Export as Unicode text

Ádám Csillag 2 years ago in Home Portal updated by Jussi Rautio 2 years ago 9

Hi, we'd like to be able to export views as Unicode text to avoid CSV character corruption issues.



Satisfaction mark by Ádám Csillag 2 years ago

That is set in configuration.

Look for System Defaults and Default Encoding of CSV Files (Export). Go for UTF-8.

Thanks. The only thing I'm missing is an UTF-8 BOM option.

Without a BOM header, Excel doesn't recognize the encoding automatically.

Yes, we can use the text import wizard, but it would be nice to be able to open the file directly.

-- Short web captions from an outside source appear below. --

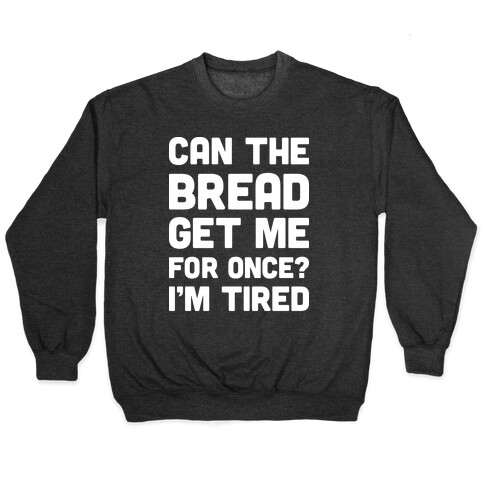 Can The Bread Get Me For Once? I'm Tired Pullover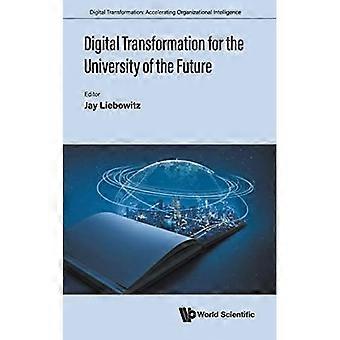 Digitale transformatie voor de universiteit van de toekomst (Digitale transformatie: het versnellen van organisatorische intelligentie)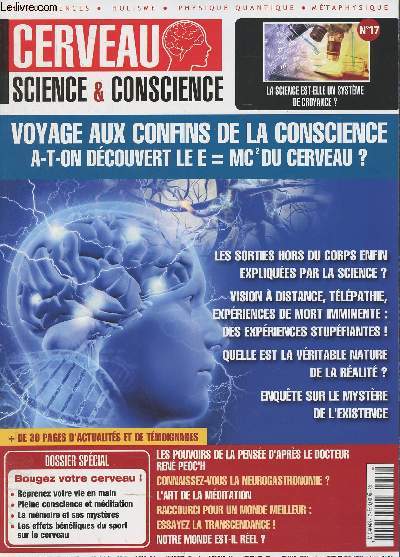 Cerveau, science & conscience n17 janv. 2017 - La science est-elle un systme de croyance ?- Voyage aux confins de la conscience a-t-on dcouvert le E = MC du cerveau - Les sorties hors du corps enfin expliques par la science ? - Vision  distance, t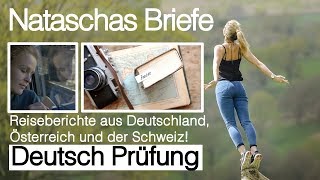 Briefe Deutsch Prüfung schreiben Intro quotNataschas Reiseberichte Deutschland Österreich Schweizquot [upl. by Ainotahs515]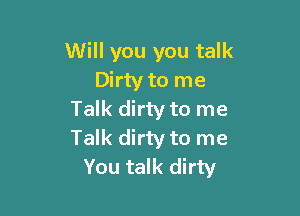 Will you you talk
Dirty to me

Talk dirty to me
Talk dirty to me
You talk dirty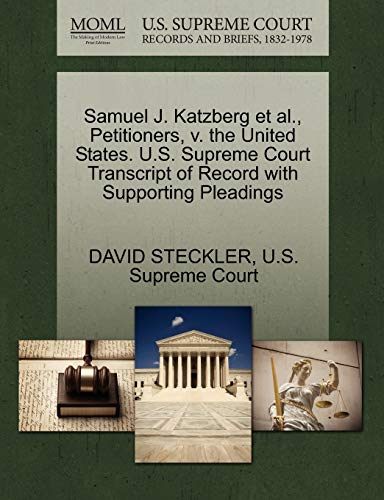 9781270316541: Samuel J. Katzberg et al., Petitioners, v. the United States. U.S. Supreme Court Transcript of Record with Supporting Pleadings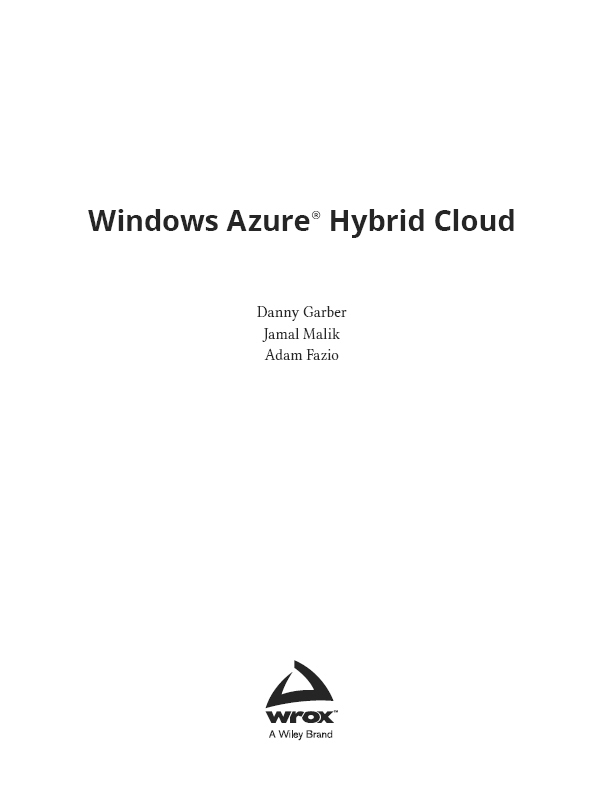 Windows Azure Hybrid Cloud Published by John Wiley Sons Inc 10475 - photo 2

I found an interesting article on the subject. The author says two things:

  1. The biggest problem is not CSV itself, but that the primary tool used to interact with it is Excel. Excel handles CSV encodings badly.
  2. If one attempts to open a CSV file encoded as UTF-8 without a Byte Order Mark (BOM) as recommended, any non-ASCII characters are again scrambled. [...] If we try it again with a UTF-8 BOM prepended to the file and Excel will read it. This is deceptive because once saved the text will remain correctly encoded UTF-8, but bizarrely the BOM will be stripped causing the file to no longer be correctly readable.

So the question is should we adjust to Excel, or to general recommendations? :)

I'm guessing that a lot of people will open the CSV files in Excel directly.

If the encoding is UTF-8 BOM the content will be displayed correctly and you can save it as an Excel workbook (Excel cannot save to Unicode CSV).


My vote would be to adjust to Excel, since I would think that the majority of users will open CSV files in Excel.

I would vote for adapting it to Excel as well. Is this perhaps already being implemented?


Would it be feasible to have both UTF-8 and UTF-8 with BOM as export options?